* Exercise details
A word-for-word copy of the data, with no images, is the required answer.

[Supplied material]

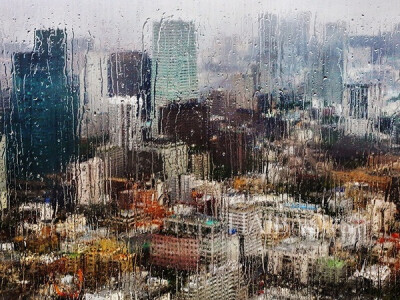 一首氤氲朦胧的雨中曲！美国摄影师Christophe Jacort的雨天摄影作品赏，水泊雨幕给城市风景带来新鲜美感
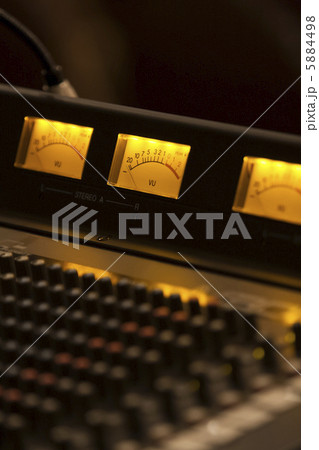 ミキシングテーブル 5884498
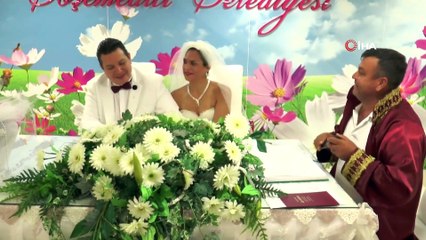 Kuzey Amerika'dan Antalya'ya uzanan aşk hikayesi...Meksikalı çift Döşemealtı’nda nikah kıydı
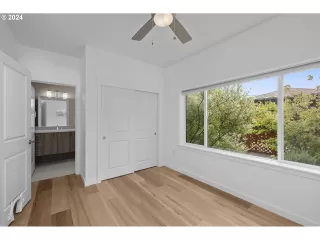 Photo #6: 24652402 Listing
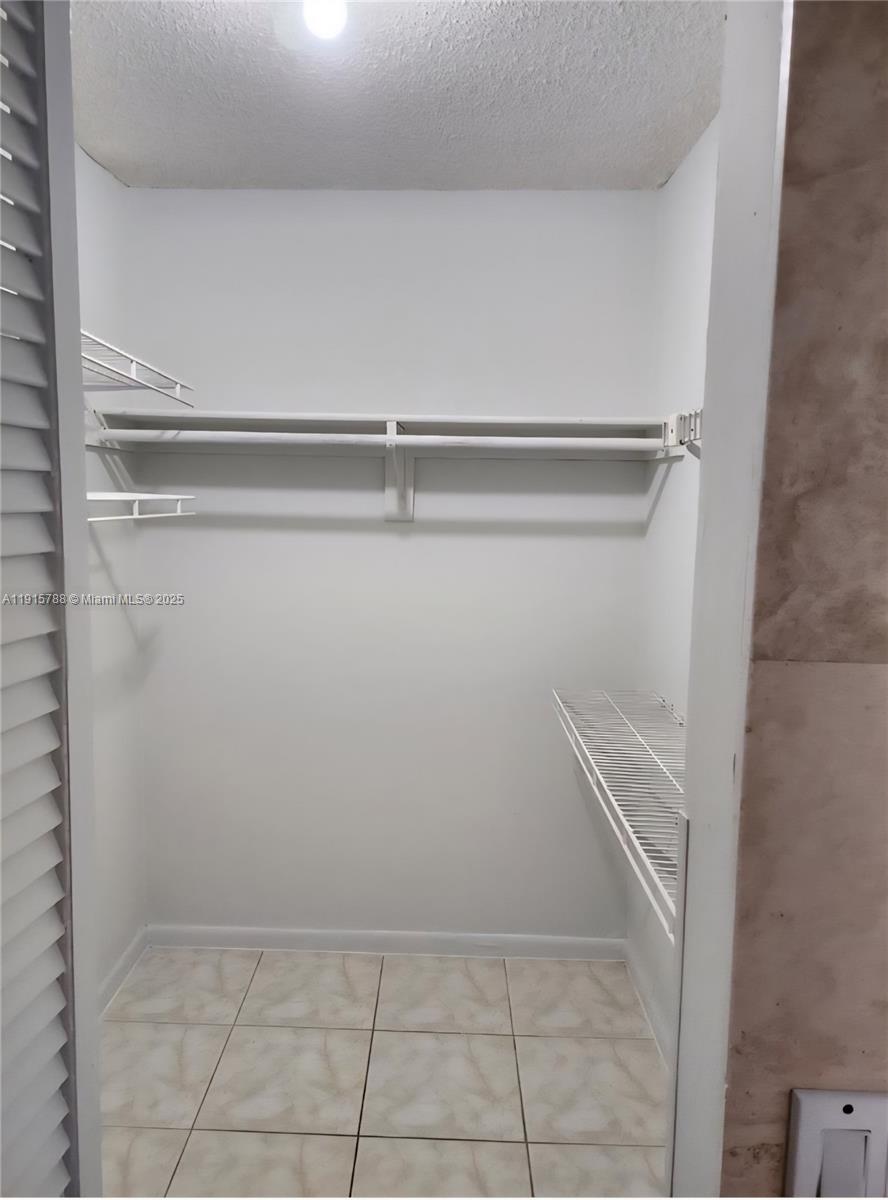CARIBBEAN BREEZE CONDO - Residential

[/Supplied material]

* Response area
 一首氤氲朦胧的雨中曲！美国摄影师Christophe Jacort的雨天摄影作品赏，水泊雨幕给城市风景带来新鲜美感
 ミキシングテーブル 5884498
 Kuzey Amerika'dan Antalya'ya uzanan aşk hikayesi...Meksikalı çift Döşemealtı’nda nikah kıydı
 Photo #6: 24652402 Listing
CARIBBEAN BREEZE CONDO - Residential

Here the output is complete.